**THE TASK:** What must be handed in is the entire listing, exactly as written, with no pictures.

**DATASET CONTENT:**
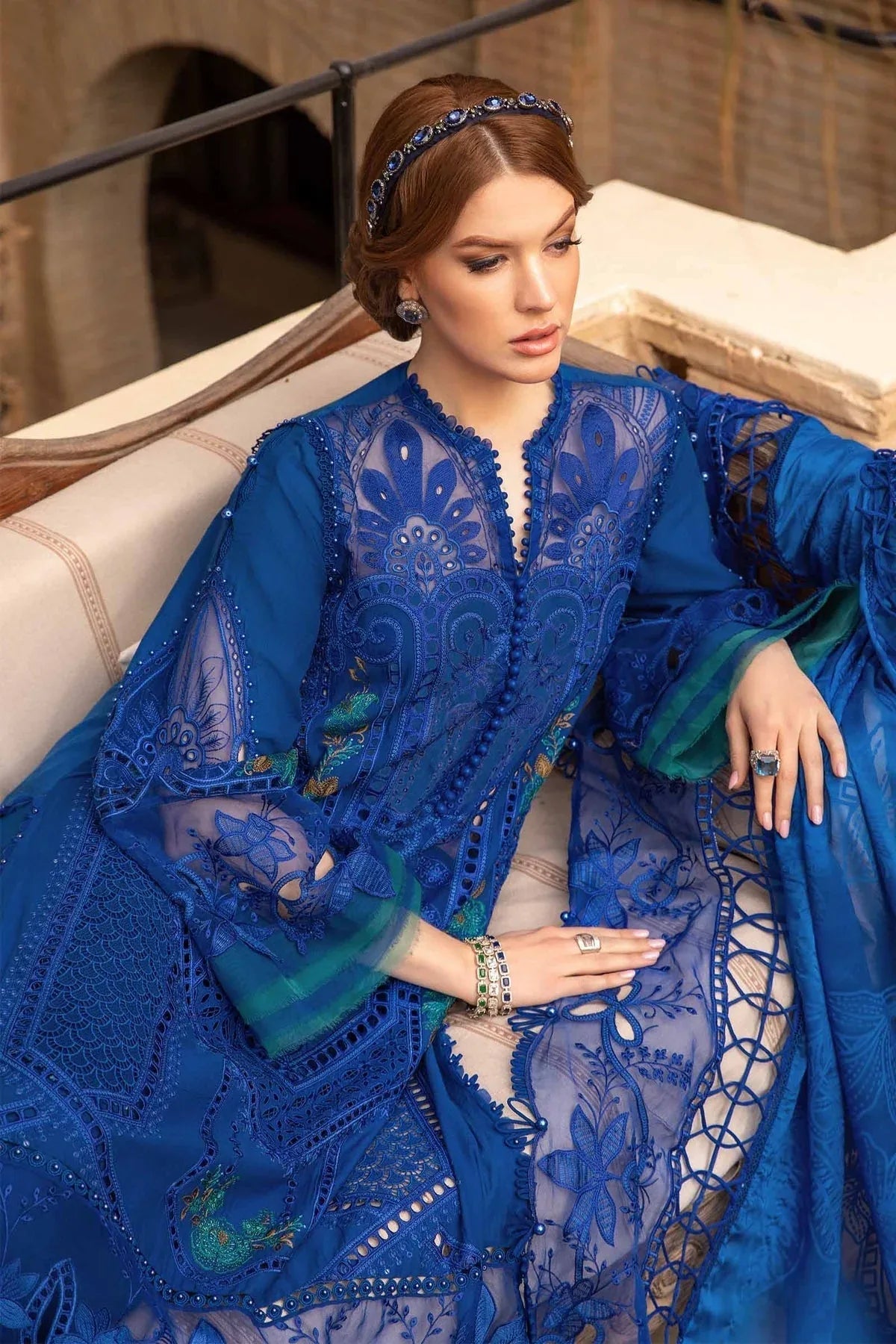 Maria B - D-2404-B - Lawn - Rang-e-Khaas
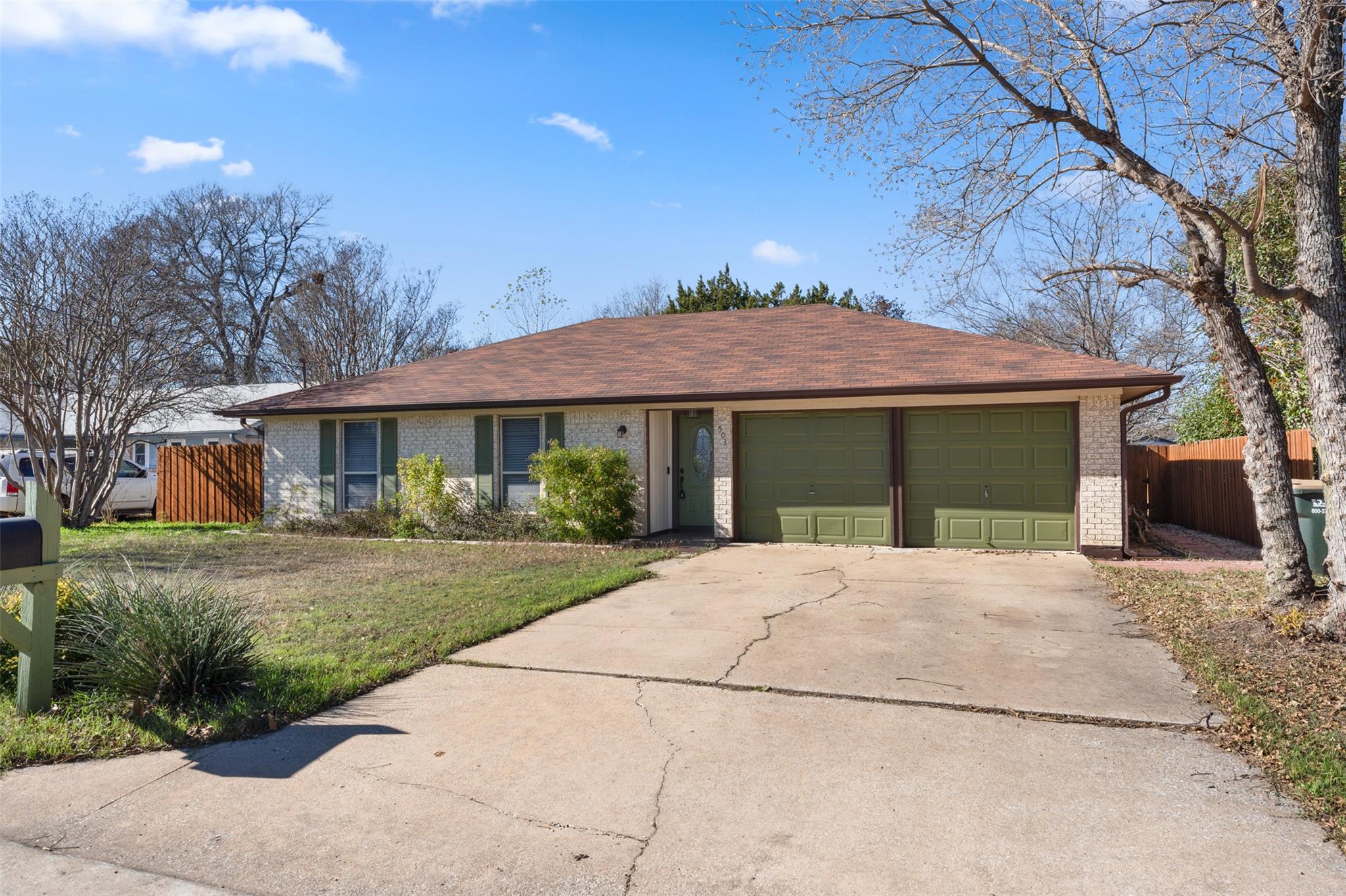 503 E Central DR
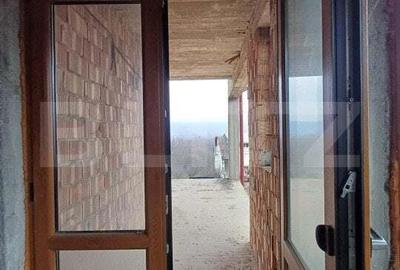 Duplex la rosu in Luna, langa Campia Turzii - 15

**TASK OUTPUT:**
 Maria B - D-2404-B - Lawn - Rang-e-Khaas
 503 E Central DR
 Duplex la rosu in Luna, langa Campia Turzii - 15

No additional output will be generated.